Cuando era un niño de aproximadamente ocho años, iba creciendo en mi pequeño corazón el deseo de cumplir una misión. Cuando tenía catorce años, comencé a salir en intercambios con los élderes. Eso incrementó mi deseo por la obra y a la vez desarrollé un amor por ella.

¿Quién habría podido pronosticar que una nube obscura pronto amenazaría mi deseo de ser misionero?

Cuando perdimos nuestras más preciosas posesiones terrenales, incluso nuestra pequeña casa en Gweru, Zimbabwe, no teníamos a dónde ir. Nuestras pocas posesiones se mojaron con la lluvia y todo empezó a echarse a perder. Quedamos en la indigencia y el gran peso de nuestro cuidado estaba sobre los hombros de mi madre soltera.
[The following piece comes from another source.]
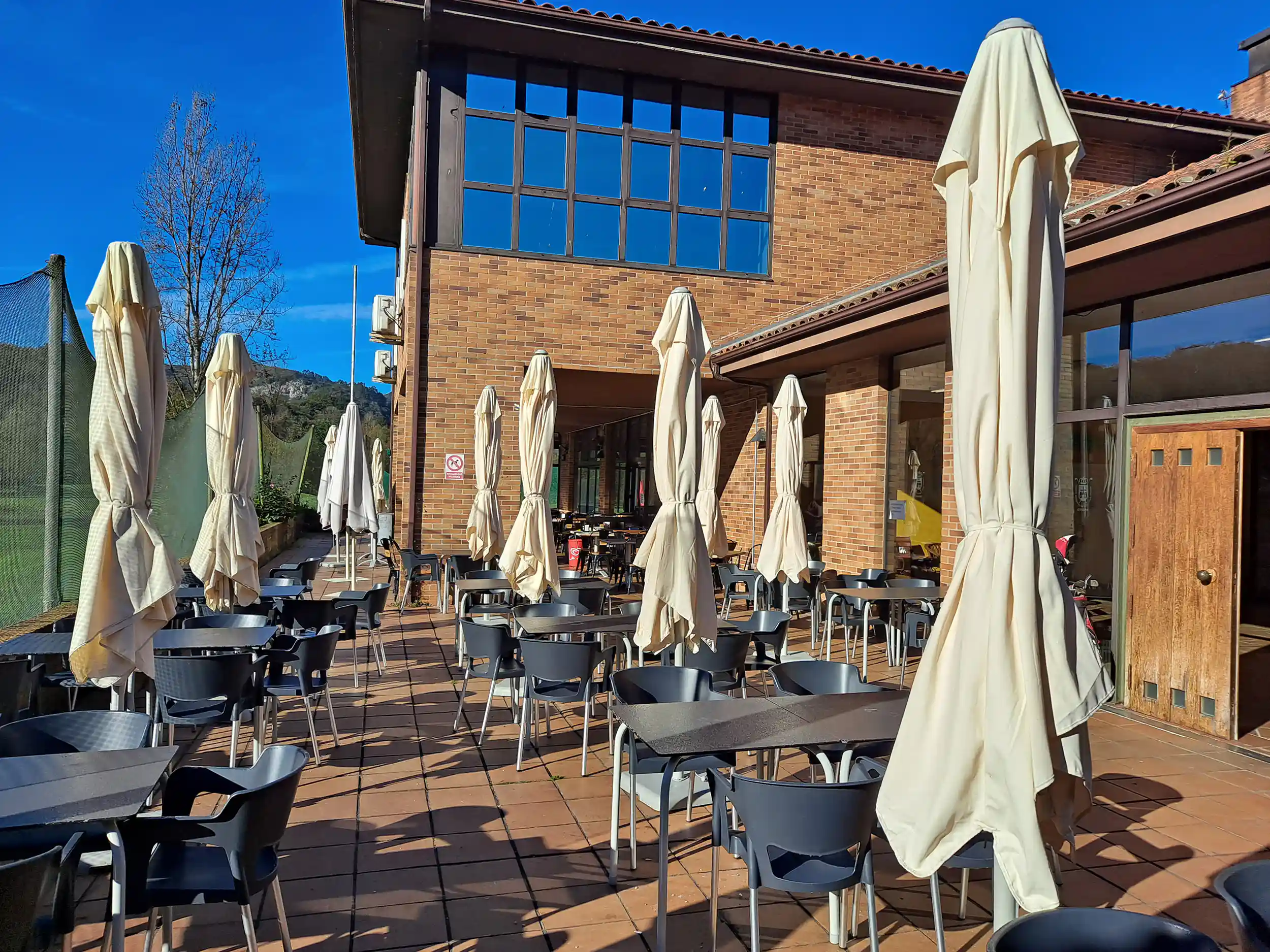 Terraza exterior del restaurante-cafetería, con mesas, sillas y sombrillas plegadas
No había otra cosa que hacer más que mudarnos a la casa de mi abuela en el campo. Continué con mis estudios de nivel avanzado en un colegio rural secundario. La vida había cambiado. El colegio estaba muy lejos; por lo tanto, tenía que caminar muchos kilómetros todos los días. No había electricidad, lo que me obligaba a estudiar a la luz de una vela. Teníamos que acarrear el agua de un pequeño pozo cercano.

En medio de esas tribulaciones, mi familia estaba unida por medio de la oración; pero vivíamos muy lejos de donde estaba la capilla. Con frecuencia sentíamos el Espíritu en esa área remota al cantar himnos y al enseñarnos el Evangelio unos a otros. Aunque había poca esperanza, la tenía más en aquellos momentos en que sentíamos fuertemente la influencia del Espíritu.

Mi esperanza incierta y mi deseo de prestar servicio en una misión tuvieron que superar tiempos difíciles. Mi país cayó en la agitación política y la decadencia económica. Llegó a ser muy caro para mí viajar a la casa de mi tía en la ciudad, donde podía asistir a las reuniones de la Iglesia en los días festivos escolares. En medio de todas estas dificultades, me olvidé de lo que tanto había anhelado: Servir al Señor en una misión de tiempo completo.

Después de dos años de estudios en el área rural, regresé a Gweru. Comencé a asistir de nuevo a la Iglesia y el Espíritu que había sentido antes regresó. Mi familia continuó viviendo en la zona rural y sufrió muchos problemas allí.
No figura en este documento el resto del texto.